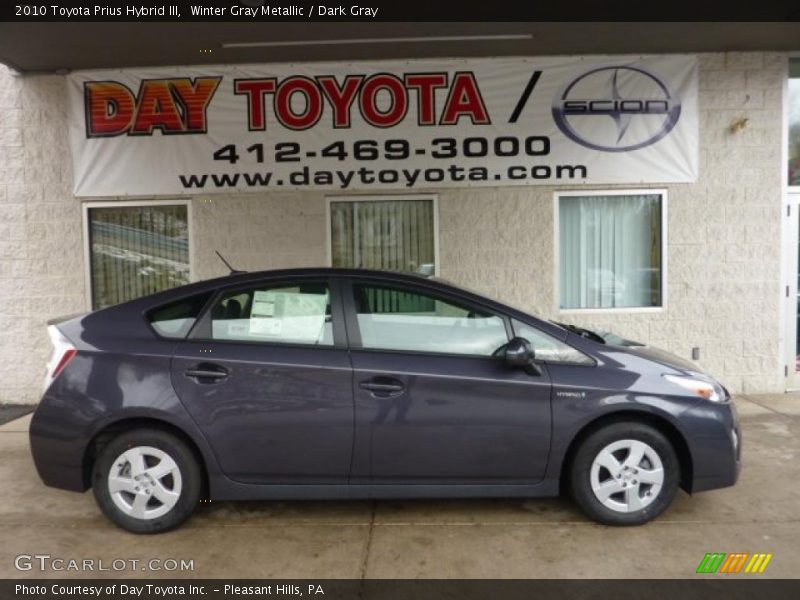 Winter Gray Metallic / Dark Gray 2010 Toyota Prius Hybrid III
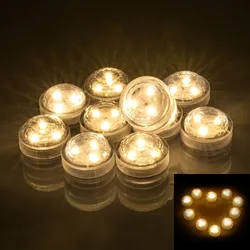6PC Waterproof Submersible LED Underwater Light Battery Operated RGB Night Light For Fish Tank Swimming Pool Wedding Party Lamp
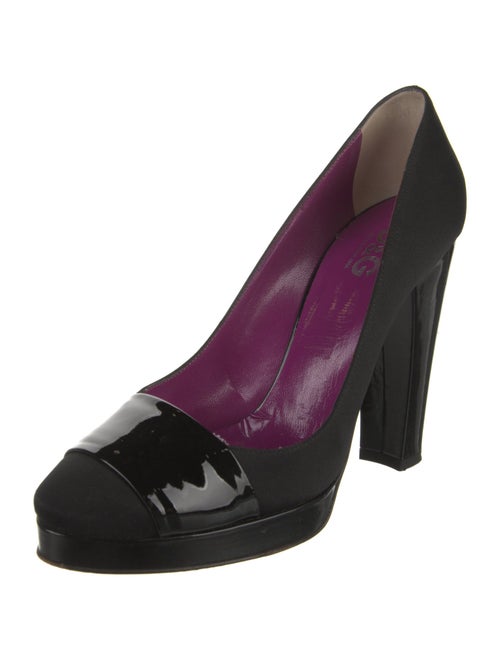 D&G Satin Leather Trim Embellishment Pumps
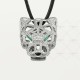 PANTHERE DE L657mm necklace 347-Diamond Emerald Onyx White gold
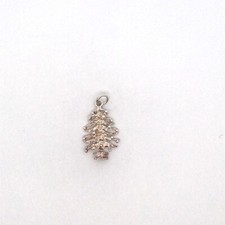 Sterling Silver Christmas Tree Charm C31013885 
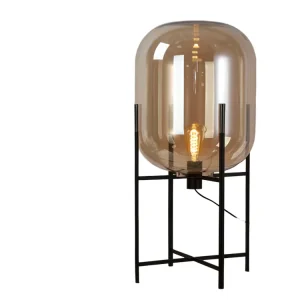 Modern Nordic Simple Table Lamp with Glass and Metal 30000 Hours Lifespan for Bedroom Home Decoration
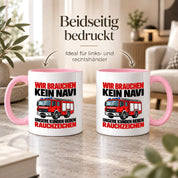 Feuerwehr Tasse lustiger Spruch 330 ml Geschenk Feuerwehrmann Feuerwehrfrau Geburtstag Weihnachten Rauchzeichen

--

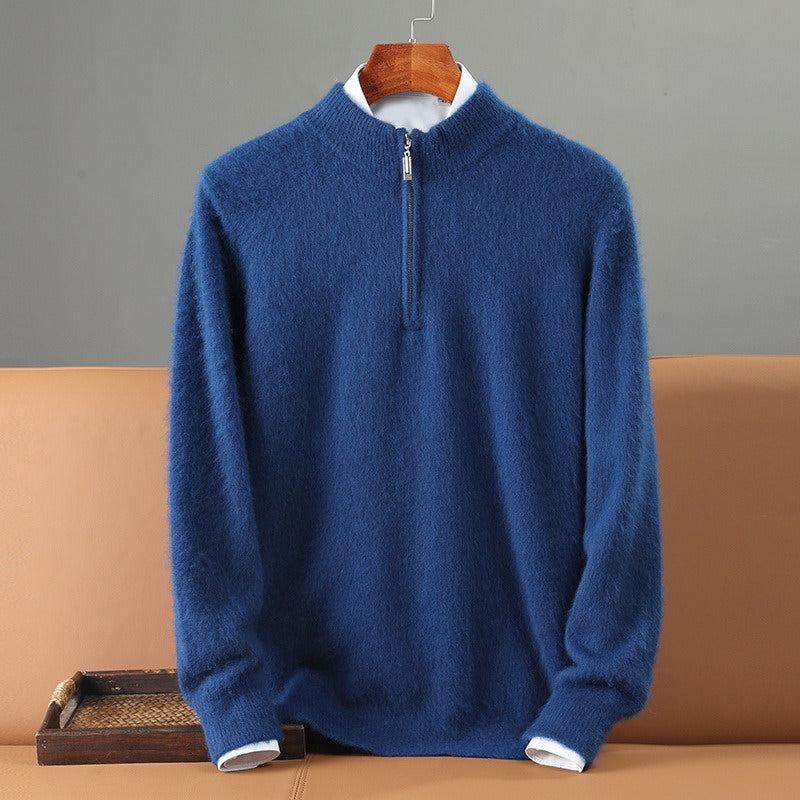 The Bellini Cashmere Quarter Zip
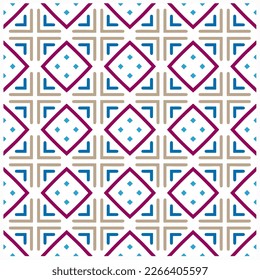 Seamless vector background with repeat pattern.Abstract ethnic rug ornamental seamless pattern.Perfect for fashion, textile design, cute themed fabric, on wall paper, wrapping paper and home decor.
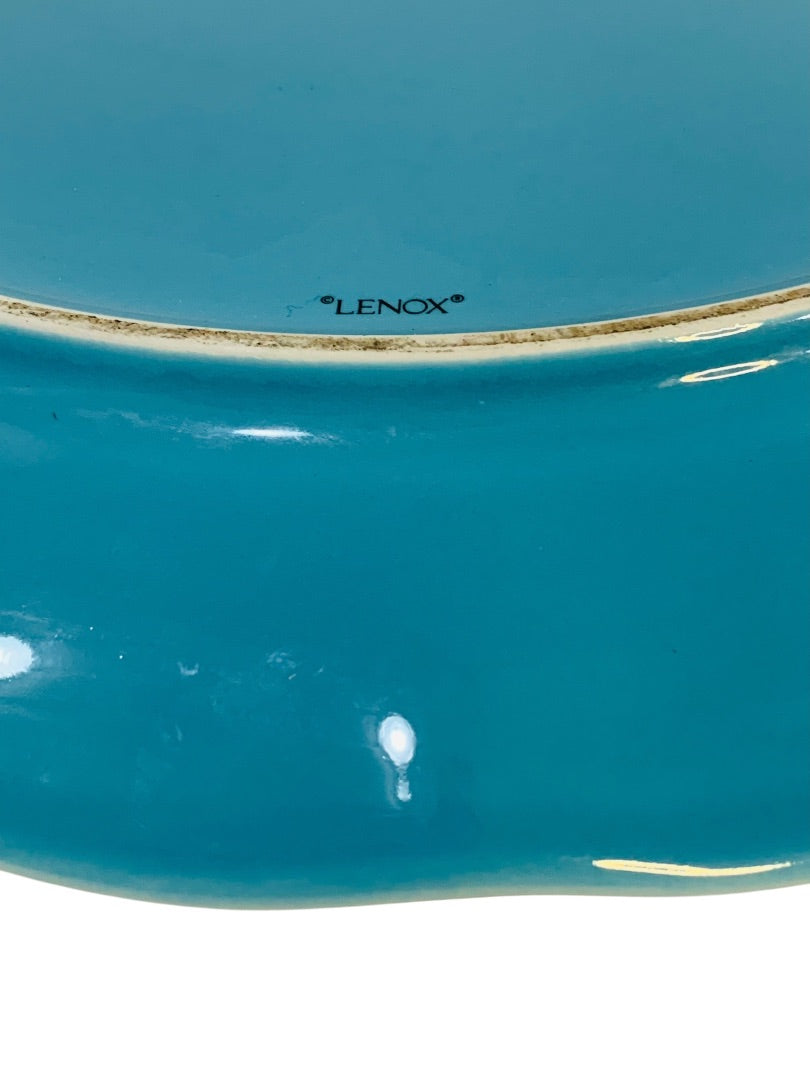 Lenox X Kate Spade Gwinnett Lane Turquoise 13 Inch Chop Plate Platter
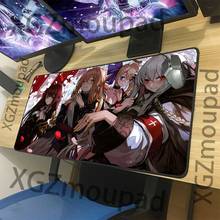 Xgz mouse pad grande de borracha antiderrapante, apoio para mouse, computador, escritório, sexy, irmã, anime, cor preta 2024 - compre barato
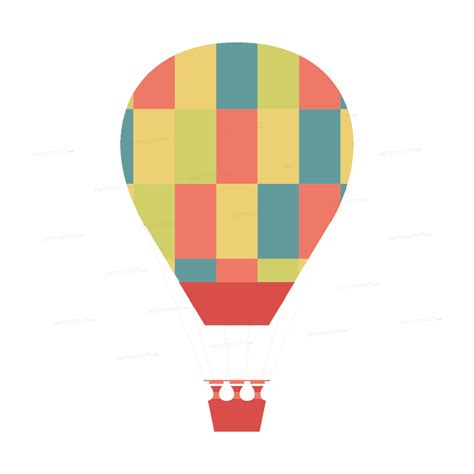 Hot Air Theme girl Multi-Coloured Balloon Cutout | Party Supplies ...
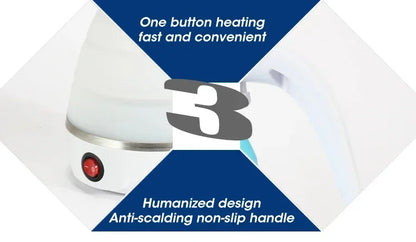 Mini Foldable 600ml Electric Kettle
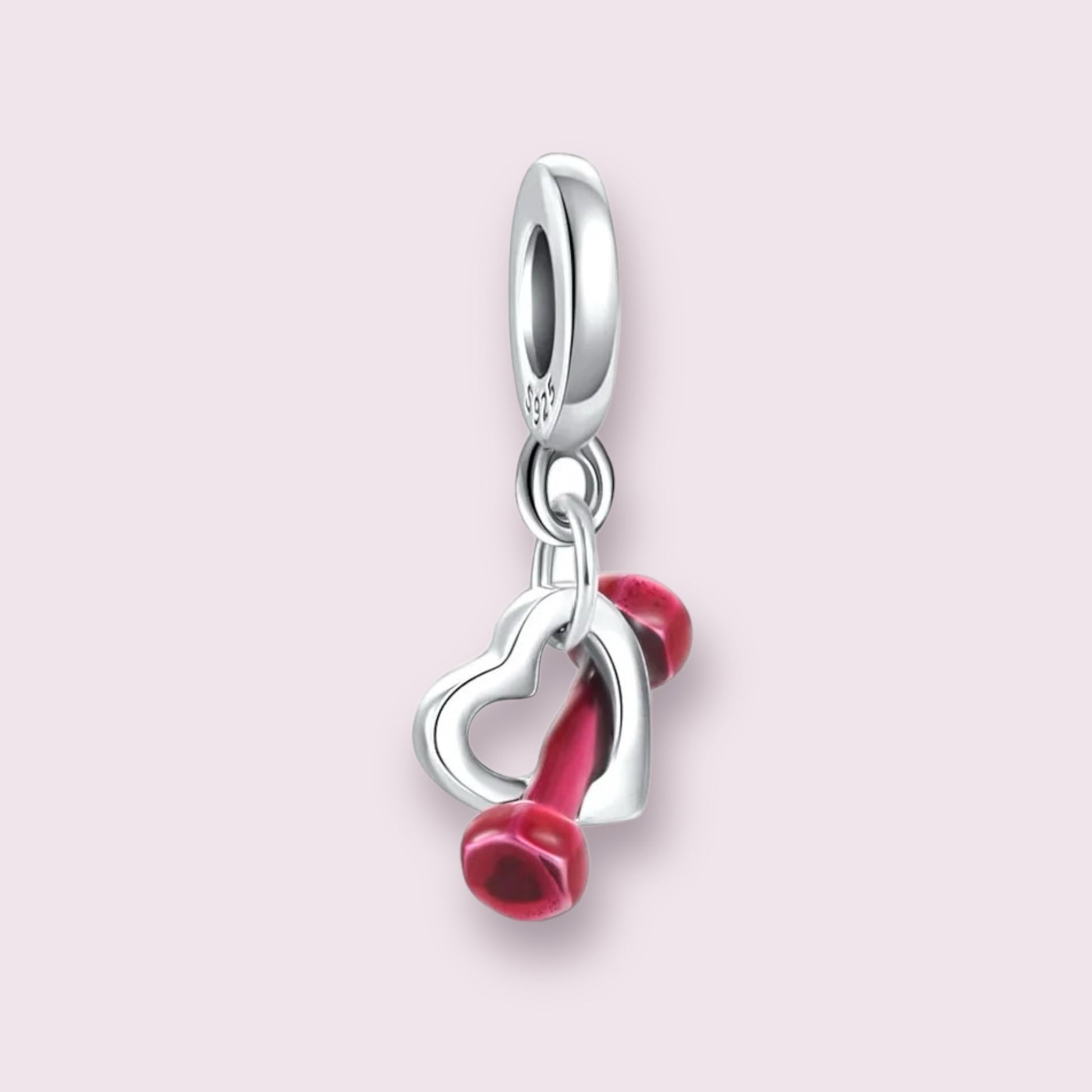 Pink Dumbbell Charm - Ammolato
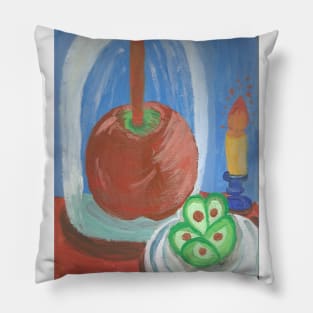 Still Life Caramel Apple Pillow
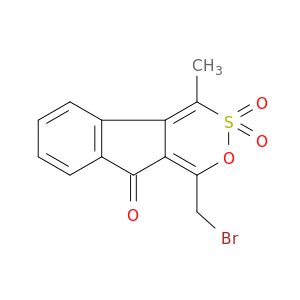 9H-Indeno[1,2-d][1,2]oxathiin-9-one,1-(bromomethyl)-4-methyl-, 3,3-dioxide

> [GOAL OF THE EXERCISE]:
Starting at the line with "PANTHERE DE L657mm" in the entries above, write out every line exactly until the line with "Feuerwehr Tasse lustiger" has been written. Include no pictures and nothing more.

> [EXPECTED OUTPUT]:
 PANTHERE DE L657mm necklace 347-Diamond Emerald Onyx White gold
 Sterling Silver Christmas Tree Charm C31013885 
 Modern Nordic Simple Table Lamp with Glass and Metal 30000 Hours Lifespan for Bedroom Home Decoration
 Feuerwehr Tasse lustiger Spruch 330 ml Geschenk Feuerwehrmann Feuerwehrfrau Geburtstag Weihnachten Rauchzeichen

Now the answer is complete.